D’Alema prova a riprendersi il Pd
In questa guerra tra Pd renziano e M5s provano ad inserirsi i dissidenti interni al Pd come Massimo D’Alema ormai spodestati da tempo e che vedono in questa sfida e nel crollo del potere renziano una nuova opportunità di scalata. Sanno bene che capi e capetti del Pd sono molto sensibili al potere e che quindi nell’eventuale caduta dal pendio del Premier molti son già pronti a sganciarsi dalla cordata per non finire a valle capaci di contorsioni tali da far dimenticare un attimo dopo la difesa fatta a spada tratta di un attimo prima. Non per nulla abbiamo citato il buon Orfini. Insomma, il M5s si gioca il tutto per tutto, dovrà normalizzare la situazione romana il che significa ripartire dalla valutazione oggettiva degli sprechi.
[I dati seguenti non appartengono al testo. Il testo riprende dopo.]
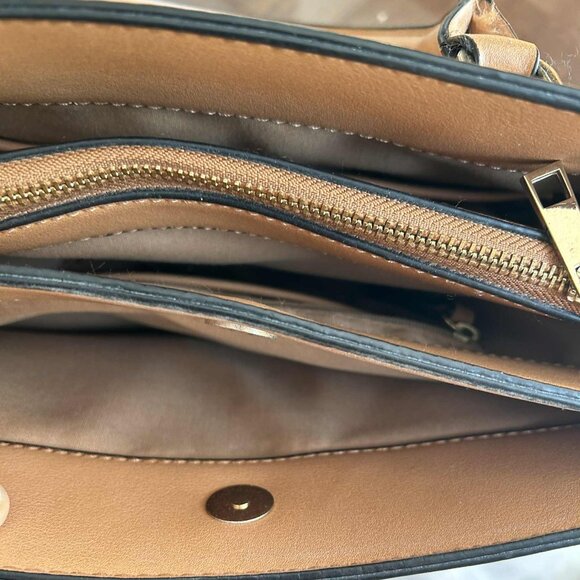 ALDO Camel Structured Tote Satchel with Gold Hardware & Crossbody Strap – OS - Picture 6 of 11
Il pentastellato Daniele Frongia parla di un miliardo e 200 milioni, e se ciò fosse vero vanno recuperati chiedendoli indietro a chi materialmente ha consentito lo spreco e non certo ai cittadini ed ai lavoratori che non guadagnano quelle cifre per assumersi rischi; parliamo quindi di dirigenti e amministratori. Vorrei far notare che mentre certa stampa e certi blog si soffermavano sullo scopino, come si dice a Roma, che si stava mangiando un cono gelato altri si mangiavano i milioni. Sono gli stessi della famosa battuta fatta al vigile Alberto Sordi dagli amici del sindaco De Sica. Ecco, già ripartire da questo piccolo accorgimento, spezzando il legame del Campidoglio con certi poteri romani che hanno fatto i padroni fino ad oggi ma senza furie iconoclaste come qualcuno in malafede teme, potrebbe ridare un po’ di ossigeno alle casse e al fiato dei romani.